[Task prompt] A faithful, word-for-word copy of the data below is required, without pictures.

[Dataset extract]
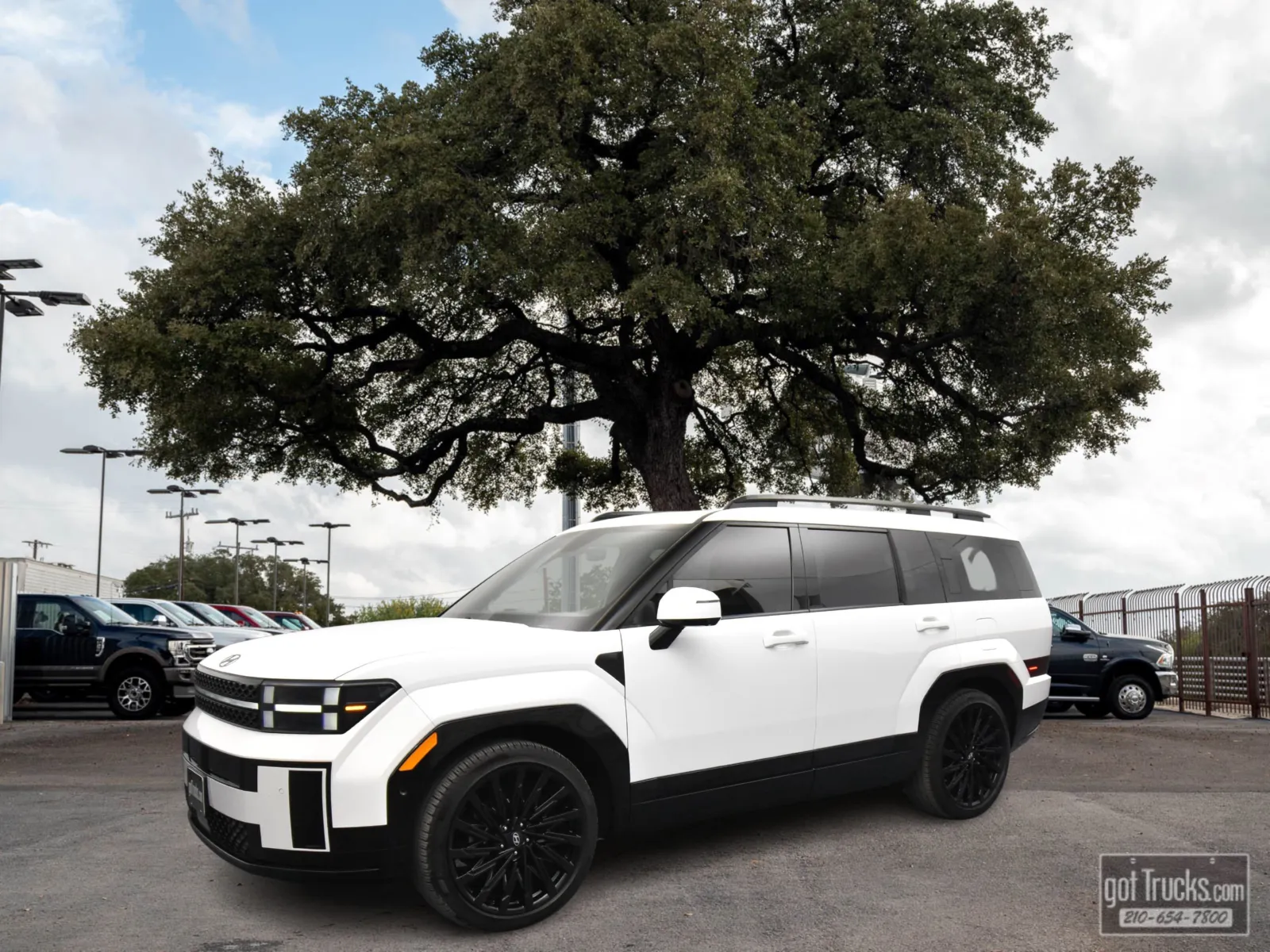 White 2024 Hyundai Santa Fe Calligraphy for sale in San Antonio, TX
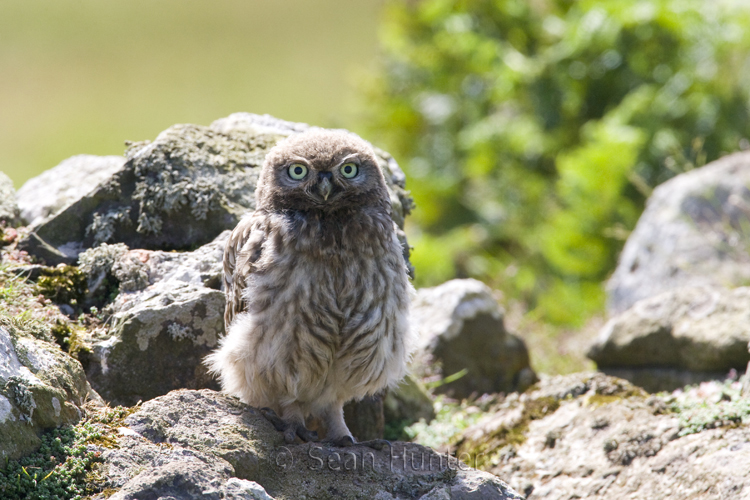 Juvenile little owl perches on a stone wall
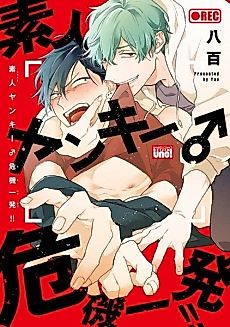 Cover image for the manga called Amateur Delinquent On The Brink!!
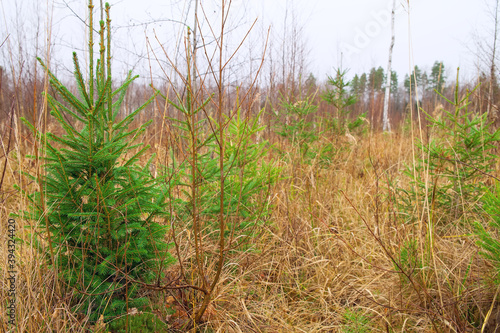 Young coniferous trees grow on the site of a felled forest. The concept of reforestation in forestry.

[Solution]
 White 2024 Hyundai Santa Fe Calligraphy for sale in San Antonio, TX
 Juvenile little owl perches on a stone wall
 Cover image for the manga called Amateur Delinquent On The Brink!!
 Young coniferous trees grow on the site of a felled forest. The concept of reforestation in forestry.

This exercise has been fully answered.